Telle est la réponse du ministre israélien de la Défense pour neutraliser les réseaux
de Ben Laden. Partenaire essentiel du gouvernement d'union
nationale, cet ancien général est un spécialiste du contre-terrorisme. Il fait partie
du conseil restreint de sécurité avec Sharon et Pérès
LE FIGARO. - Israël veut-il jouer un rôle dans la coalition américaine? Ou les
objections arabes à votre participation s'annoncent-elles aussi
insurmontables que lors de la guerre du Golfe?

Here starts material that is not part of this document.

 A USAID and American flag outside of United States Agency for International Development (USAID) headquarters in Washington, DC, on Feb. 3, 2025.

Benyamin Ben ELIEZER. - Aujourd'hui, l'essentiel est ailleurs: Israël ne veut rien faire
qui puisse être un obstacle à la coalition américaine. Car, à long terme, Israël
tirera profit de cette prise de conscience internationale du danger terroriste.
Yasser Arafat souhaite lui aussi s'enrôler dans cette coalition...

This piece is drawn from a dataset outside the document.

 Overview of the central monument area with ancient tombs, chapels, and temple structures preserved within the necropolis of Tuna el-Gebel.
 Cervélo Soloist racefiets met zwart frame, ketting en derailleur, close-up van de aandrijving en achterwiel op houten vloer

En vérité, les Américains ne recherchent pas de partenaires dans le monde arabe.
Washington a besoin d'une approbation silencieuse, d'accords conclus sous la table. Car on
ne peut pas comparer les événements d'aujourd'hui avec
la guerre du Golfe. En 1991, le Koweït était attaqué et l'Arabie saoudite menacée. La
solidarité arabe était donc naturelle. Nous avons maintenant affaire à des armées sans
ennemis, à des dangers sans réponse militaire évidente. La bombe, c'est l'avion.
L'explosif, c'est le carburant. L'ennemi est décidément moins simple.

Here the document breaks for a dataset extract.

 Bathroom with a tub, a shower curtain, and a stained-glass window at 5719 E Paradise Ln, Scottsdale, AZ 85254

Est-ce pour cela que le ministre britannique des Affaires étrangères et l'ambassadeur de
France en Israël ont distingué entre le terrorisme
inadmissible de Ben Laden et un terrorisme palestinien plus compréhensible
Le terrorisme, c'est le terrorisme. Dans l'idéologie du Hamas, du Djihad islamique ou du
Hezbollah libanais, il n'y a aucune différence avec Ben Laden.
Etes-vous d'accord avec Ariel Sharon, qui compare Arafat à Ben Laden?
Les Palestiniens seront toujours nos voisins et, comme Etat démocratique, Israël doit
reconnaître à chaque nation le droit de choisir ses dirigeants.
Arafat ayant été désigné par les Palestiniens, nous devons respecter ce choix. Mais
nous devons tout faire pour amener Arafat à la table des
négociations. J'ai été le premier responsable israélien à être dépêché à Tunis
par le premier ministre Rabin, pour déterminer s'il était sage
qu'Israël s'engage dans le processus d'Oslo. J'ai rapporté une réponse très positive.
Depuis, que s'est-il passé? Rabin a été assassiné, Shimon Pérès a perdu les
élections de 1996 à la suite d'une terrible campagne d'attentats.
De même qu'Ehud Barak qui avait pourtant offert aux Palestiniens de leur rendre 97% des
territoires. Le résultat, ce fut l'intifada. Alors, nous sommes en droit de poser la
question: Arafat veut-il vraiment un accord?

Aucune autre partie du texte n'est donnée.